Published on February 23rd, 2018 | by Rohit Sankar0
Short boundaries set to entice England’s big hitters
“Other teams can come to New Zealand, get mesmerised by the gorgeous grounds and lick their lips on seeing the 45m boundary ropes. But the fact of the matter is limited-overs cricket is as challenging for batsmen here in New Zealand as it is in other countries”.

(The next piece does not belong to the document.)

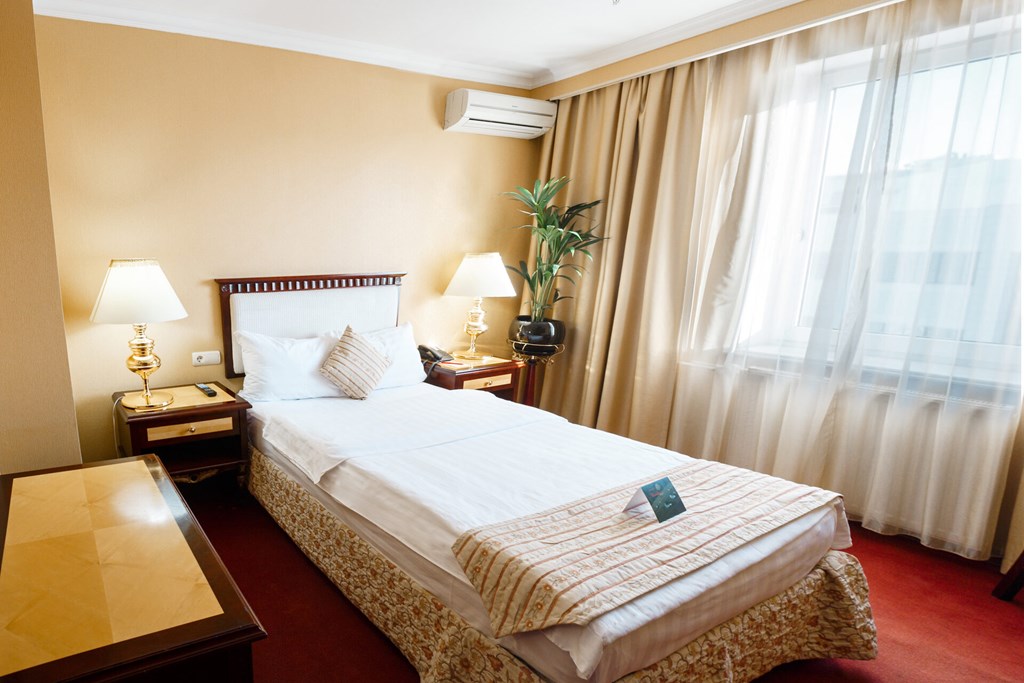 Mandarin Moscow: Room DOUBLE SINGLE USE STANDARD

Be careful when you draw the inner circle at Eden Park they say. If you don’t turn your back and glance at the boundary line but instead measure a certain distance from the stumps and make a circle, you could well end up marking the boundary ropes.
Yes, that’s right!
Eden Park is so short that its claims to be a cricket ground can be viewed sceptically. A 50m long top edge would more likely end up being caught in the crowd rather than at deep third man standing closer to the inner circle than the boundary ropes.
Such are the boundaries that batsmen are tempted to go bonkers from the word go but the spice in the wicket more often than not ensures batsmen aren’t the sole ones in play. Forget Eden Park, most of New Zealand’s cricket grounds are surprisingly short yet produce classic matches where the battle between ball and bat is evened out. After all, both teams play on the same ground.
Eden Park in itself bore witness to two spectacular Test matches in 2013 and 2014, against England and India respectively, a nail-biting tied ODI against India the same year, a fabulous World Cup semi-final between South Africa and New Zealand in 2015 and Marcus Stoinis’ heroics in 2016.
The bowlers are more often not in the game at Eden Park and most other grounds in New Zealand. This ensures that cricket is as exciting, if not more, despite the short boundaries.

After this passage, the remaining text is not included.